More specifically, at a given step, unigram computes a loss from the corpus we have and the current vocabulary, then,
for each subword, evaluate how much the loss would increase if the subword was removed from the vocabulary. It then
sorts the subwords by this quantity (that represents how much worse the loss becomes if the token is removed) and
removes all the worst p tokens (for instance p could be 10% or 20%). It then repeats the process until the vocabulary
has reached the desired size, always keeping the base characters (to be able to tokenize any word written with them,
like BPE or WordPiece).

Contrary to BPE and WordPiece that work out rules in a certain order that you can then apply in the same order when
tokenizing new text, Unigram will have several ways of tokenizing a new text. For instance, if it ends up with the
vocabulary

.. code-block::

    ['b', 'g', 'h', 'n', 'p', 's', 'u', 'ug', 'un', 'hug']

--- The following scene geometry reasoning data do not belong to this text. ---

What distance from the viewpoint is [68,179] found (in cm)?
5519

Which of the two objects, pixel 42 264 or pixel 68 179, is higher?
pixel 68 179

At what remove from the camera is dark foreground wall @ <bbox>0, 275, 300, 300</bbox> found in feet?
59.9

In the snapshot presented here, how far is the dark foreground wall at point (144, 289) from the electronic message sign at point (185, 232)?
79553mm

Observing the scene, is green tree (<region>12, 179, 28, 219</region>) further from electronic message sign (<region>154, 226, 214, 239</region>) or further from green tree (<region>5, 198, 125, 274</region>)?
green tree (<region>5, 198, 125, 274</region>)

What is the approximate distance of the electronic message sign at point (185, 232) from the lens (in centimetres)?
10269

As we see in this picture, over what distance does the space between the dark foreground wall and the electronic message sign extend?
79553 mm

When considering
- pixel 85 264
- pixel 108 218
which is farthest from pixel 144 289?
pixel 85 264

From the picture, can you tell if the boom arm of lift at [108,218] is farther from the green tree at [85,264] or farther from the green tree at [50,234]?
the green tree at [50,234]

we had before, it could tokenize "hugs" as ``['hug', 's']``, ``['h', 'ug', 's']`` or ``['h', 'u', 'g', 's']``. So which
one choose? On top of saving the vocabulary, the trained tokenizer will save the probability of each token in the
training corpus. You can then give a probability to each tokenization (which is the product of the probabilities of the
tokens forming it) and pick the most likely one (or if you want to apply some data augmentation, you could sample one
of the tokenization according to their probabilities).

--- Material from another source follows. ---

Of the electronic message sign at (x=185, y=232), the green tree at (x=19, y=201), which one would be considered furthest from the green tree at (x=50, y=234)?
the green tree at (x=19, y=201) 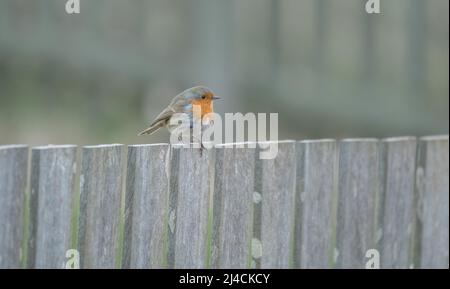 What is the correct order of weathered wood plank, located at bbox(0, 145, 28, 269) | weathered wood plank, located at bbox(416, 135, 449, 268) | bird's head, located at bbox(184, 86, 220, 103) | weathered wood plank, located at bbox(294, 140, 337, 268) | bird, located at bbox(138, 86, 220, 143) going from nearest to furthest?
weathered wood plank, located at bbox(0, 145, 28, 269) → weathered wood plank, located at bbox(294, 140, 337, 268) → weathered wood plank, located at bbox(416, 135, 449, 268) → bird, located at bbox(138, 86, 220, 143) → bird's head, located at bbox(184, 86, 220, 103)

Those probabilities define the loss that trains the tokenizer: if our corpus consists of the words :math:`x_{1}, \dots,
x_{N}` and if for the word :math:`x_{i}` we note :math:`S(x_{i})` the set of all possible tokenizations of
:math:`x_{i}` (with the current vocabulary), then the loss is defined as

.. math::
    \mathcal{L} = -\sum_{i=1}^{N} \log \left ( \sum_{x \in S(x_{i})} p(x) \right )

.. _sentencepiece:

SentencePiece
=======================================================================================================================

All the methods we have been looking at so far required some form of pretokenization, which has a central problem: not
all languages use spaces to separate words. This is a problem :doc:`XLM <model_doc/xlm>` solves by using specific
pretokenizers for each of those languages (in this case, Chinese, Japanese and Thai). To solve this problem,
SentencePiece (introduced in `this paper <https://arxiv.org/pdf/1808.06226.pdf>`__) treats the input as a raw stream,
includes the space in the set of characters to use, then uses BPE or unigram to construct the appropriate vocabulary.

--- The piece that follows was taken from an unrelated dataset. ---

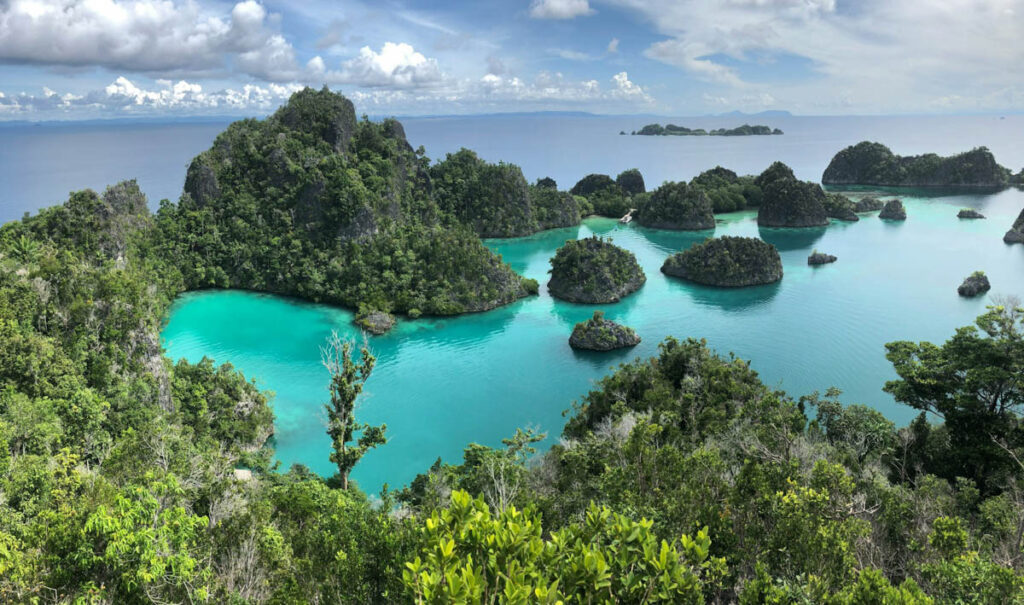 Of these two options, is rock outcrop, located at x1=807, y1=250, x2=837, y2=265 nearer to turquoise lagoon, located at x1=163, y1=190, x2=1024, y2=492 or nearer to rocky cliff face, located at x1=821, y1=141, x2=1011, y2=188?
turquoise lagoon, located at x1=163, y1=190, x2=1024, y2=492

That's why in the example we saw before using :class:`~transformers.XLNetTokenizer` (which uses SentencePiece), we had
the '▁' character, that represents space. Decoding a tokenized text is then super easy: we just have to concatenate all
of them together and replace '▁' with space.

All transformers models in the library that use SentencePiece use it with unigram. Examples of models using it are
:doc:`ALBERT <model_doc/albert>`, :doc:`XLNet <model_doc/xlnet>` or the :doc:`Marian framework <model_doc/marian>`.